Aim of the task ▸ Retype exactly what appears below from the line containing "Wrapping Gifts Penguin Planner Stickers" down to the line containing "Women's Tee, Three-Quarter-Sleeve", keeping both end lines. Do not include pictures.

Supplied data ▸
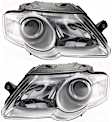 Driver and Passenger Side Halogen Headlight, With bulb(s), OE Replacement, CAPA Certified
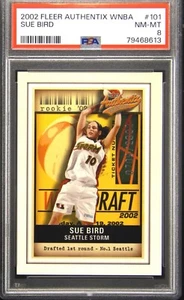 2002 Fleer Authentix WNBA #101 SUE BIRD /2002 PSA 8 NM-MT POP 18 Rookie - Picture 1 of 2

* * *

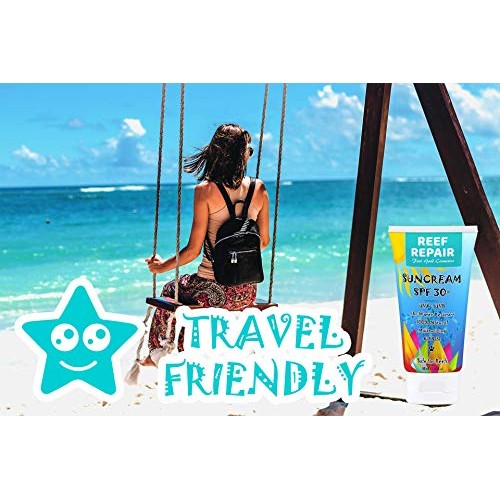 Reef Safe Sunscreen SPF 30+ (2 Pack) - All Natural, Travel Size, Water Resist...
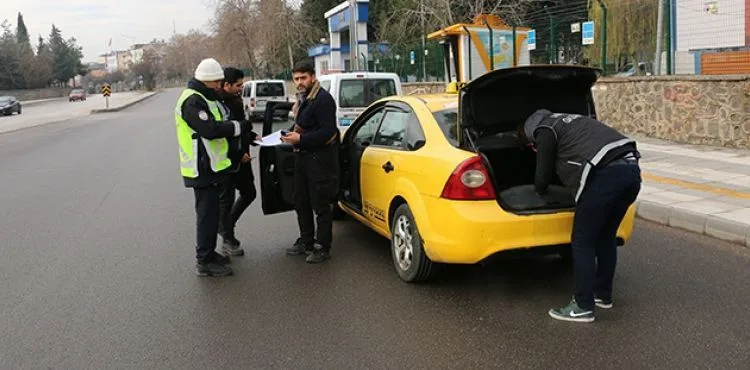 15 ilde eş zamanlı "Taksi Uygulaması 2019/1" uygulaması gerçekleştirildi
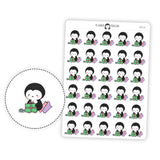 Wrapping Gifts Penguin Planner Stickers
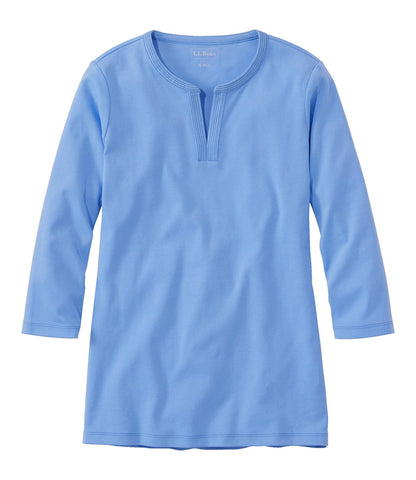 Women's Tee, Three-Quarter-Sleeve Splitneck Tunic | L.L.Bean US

Solution to this problem ▸
 Wrapping Gifts Penguin Planner Stickers
 Women's Tee, Three-Quarter-Sleeve Splitneck Tunic | L.L.Bean US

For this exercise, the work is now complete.